For a production that literally opens with a magician, Trinity Rep’s take on “A Christmas Carol” this year lacks that special holiday magic.

Of course, the Charles Dickens tale that we’ve all come to know and love is first and foremost a ghost story, and without that supernatural, magical element, the whole piece seems to fall flat. It’s a shame really, because many of Trinity’s finest actors are assembled in this holiday production.

We’ve got Stephen Berenson returning to the role of Ebenezer Scrooge, Stephen Thorne as the lovable Bob Cratchit, Brian McEleney as the spectral Marley, Janice Duclos as Mrs. Dilber and Mrs. Fezziwig, Phyllis Kay as the Ghost of Christmas Present (among others), Rachel Warren as Mrs. Cratchit and Fred Sullivan, Jr. as Mr. Fezziwig and Old Joe. Toss in some Brown-Trinity consortium students and those adorable local kids, and you’ve got a great roster of players.

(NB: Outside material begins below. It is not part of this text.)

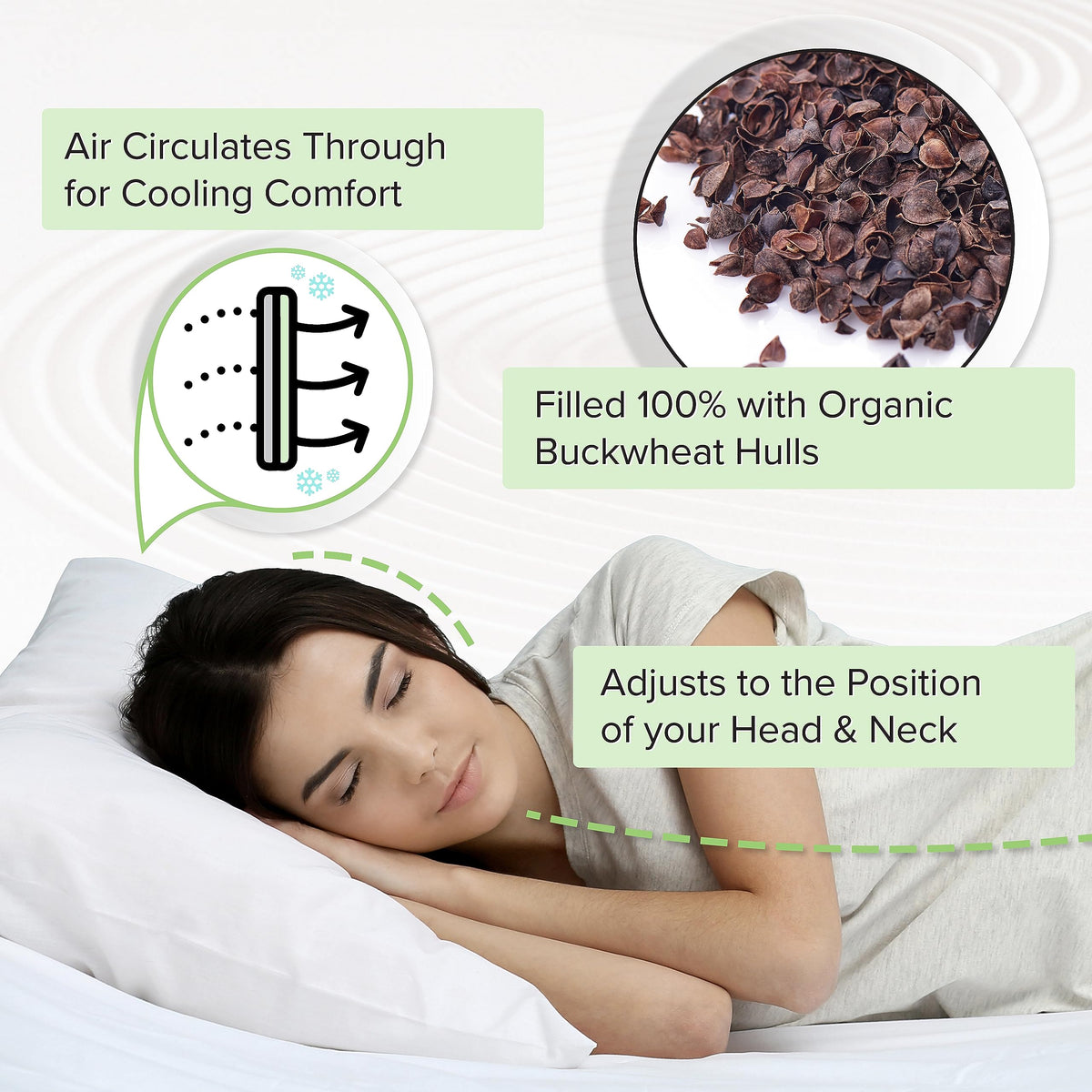 Buckwheat Pillow - Organic Twin Size (20"X26") w Natural Cooling Technology- All Cotton Cover - Keep Cool Effect Comfortable Sleep, Adjusts to Contours of Neck & Head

I think the problem with this production lies in a lack of visuals. There are really no lighting cues to speak of – everything is lit fairly the same way throughout. The set by Deb O consists of three piles of dusty old junk covered by tarps. Those tarps are used to catch some of the few projections used throughout the play (like a creepy depiction of The Grim Reaper) and some of the pieces concealed underneath become props and set pieces. I expected the set to transform alongside Scrooge…but it did not. It’s not until the final scene that we see what’s beneath (a collection of toys and knick-knacks dressed clumsily in twinkle lights) and get a bit of relief from those drooping tarps.

While the show utilized projections to try and create some atmosphere, the effects didn’t quite read from where I was seated. I so desperately wanted more color and pop, more mirth and merriment – more of a contrast to Scrooge’s tight-fisted, clenching, squeezing, grasping, covetous old ways.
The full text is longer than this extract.